Altitude Branding - Are Our Conference Expectations Bent?In my post on Monday, I asked about unanswered questions and the topics no one was talking about.

But as evidenced by the comments, one issue seems to be not that topics aren’t being discussed, but they’re not being tackled with enough a) focus and b) depth. We’re asking for “takeaways” and such like that. But here’s the problem: most conferences aren’t structured or timed for depth. Not at all.

Conferences as they’ve been known to date are stacked segments of short sessions – usually 45 minutes to an hour. That’s hardly enough time to cover the basics of many things, if you’re talking an overview of a broader concept, like “email marketing 101.”

If you’re tackling a super specific topic, like “creating website landing pages for ebooks” or something, that’s even less time to cover both purpose and strategy, let alone execution. Frankly, it’s nearly impossible.

Further, getting into the weeds on something in detail so that people walk away with a roadmap has certain realistic limitations. For starters:

  1. Every business has unique situations – from people to budgets to culture – that mean that there’s no such thing as a universally applicable set of rules to follow. Any session will be either too generalized, or specific enough to leave some people out of the discussion altogether.
  2. Most conferences aren’t structured to be hands-on workshops, and the revenue model and pricing tolerance of attendees doesn’t equip organizers to compensate speakers (if they do at all) at the level of consultants rather than single-session instructors. Which doesn’t provide them with much incentive to give away all their best stuff, since their business is built on the back of their detailed expertise.
  3. There simply isn’t enough time in typical conference sessions to cover any topic in depth, and attracting audiences at volume dictates that the sessions be shorter and broader.

See the dilemma?

We have a fundamental disconnect between what people say they want from a conference session, and what can realistically be delivered under existing models. We also have a disconnect between the content the speakers want to cover, the restless who say they want to hear “something new”, and the realistic content needs and demands of the paying audiences. I think expectations are out of whack on several fronts here.

(This doesn’t even begin to discuss the misalignment between sponsor expectations (read: quantity of focused decision makers in a room paired with quality interaction) and revenue models that require lots of sponsors and volume registrations to even break into the black. That’s a separate post altogether.)

The model itself is probably broken, but I think we need to re-examine our intentions as conference goers, for starters. Are you really expecting your $500 or your $1500 and an hour of social media basics to suddenly take the work away and give you all the tools and instructions you need to succeed?
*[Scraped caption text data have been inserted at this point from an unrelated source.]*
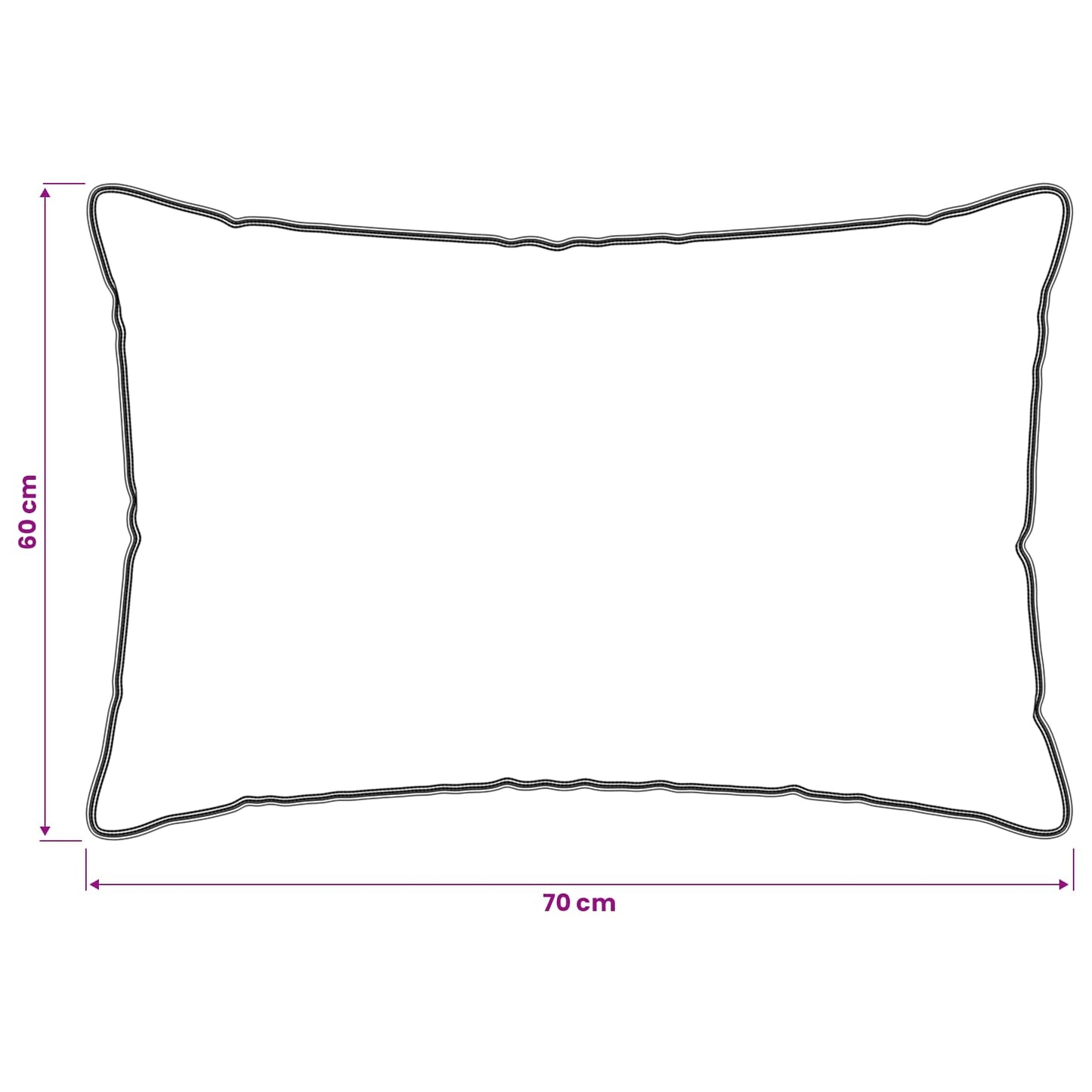 Bettwäsche-Set Mit Kissen Weiß 260 X 240 Cm Polyester, Bambus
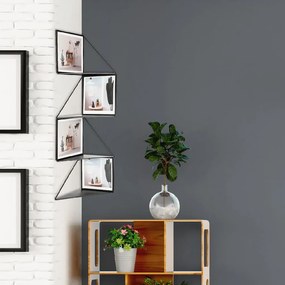 Tutumi Tutumi, rohová kovová polica na fotky 17x17x67 cm, čierna, HOM-06969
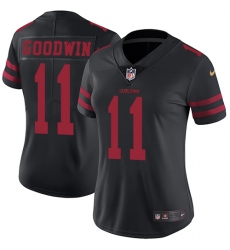 Women's Nike San Francisco 49ers #11 Marquise Goodwin Black Vapor Untouchable Limited Player NFL Jersey
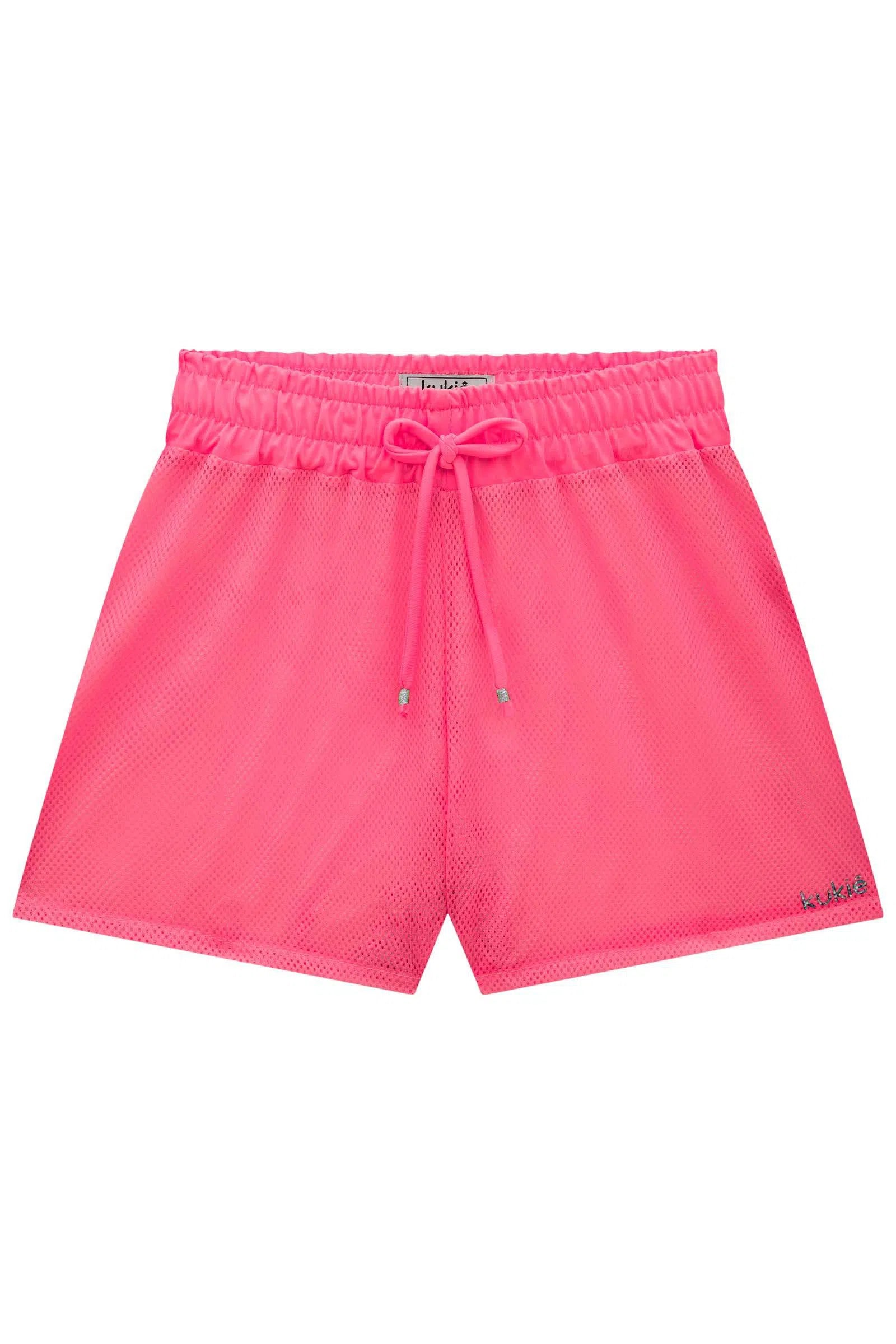 Shorts em Tela Fashion 74703 Kukiê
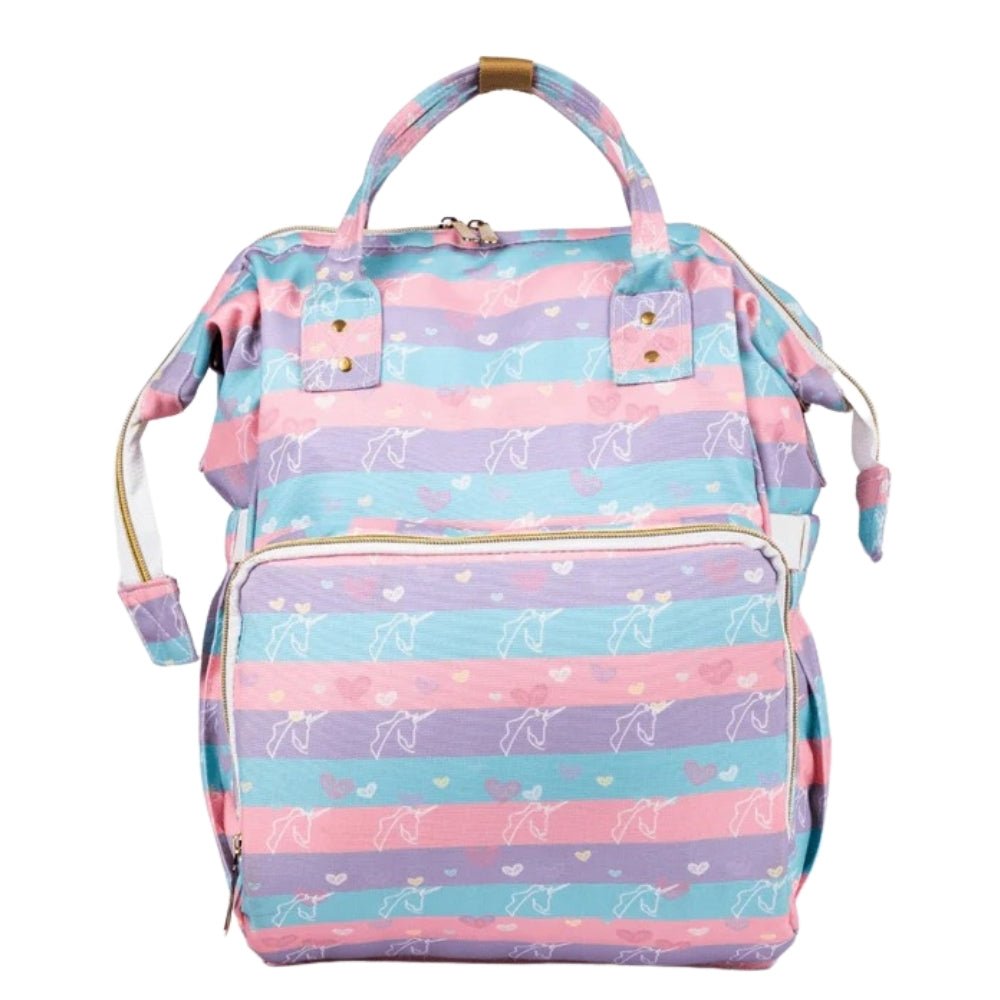 Unicorn, Art on Canvas - Chic Diaper Bag Backpack for New Moms - Diaper Bag | haus & kinder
And organizers, how are the realities of profitability driving you into mainstreaming content? Are you ready and willing to take on creating a different kind of event that delivers deeper education vs. massive audiences? Is it financially viable to do so? How do you balance depth of content and trying to be universally attractive?

I’m still focused on how I can keep making sessions relevant and valuable, and uncovering the topics we need to talk more about while maintaining balance in the old topics that need reframing. I really am, and I’m hoping folks that attend them come away with an idea or two. But somehow, 45 minutes doesn’t seem like enough (and sometimes, days and weeks don’t seem sufficient, either).

Then again, TED talks can shift your perspective on a dime, and they’re a mere ten minutes long. But do they inspire specific action, or intellectual exercise to discover the path for yourself? Perhaps the magic lies somewhere in between.

What purpose are you seeing for the sessions you attend? Are you expecting to walk away a road map, or a thought spark? If the former, are you willing to devote the time, attention span, and money toward seeking out that immersion instead of chasing the latest Eventbrite discount code?

Do you see what I’m ruminating on here? What say you?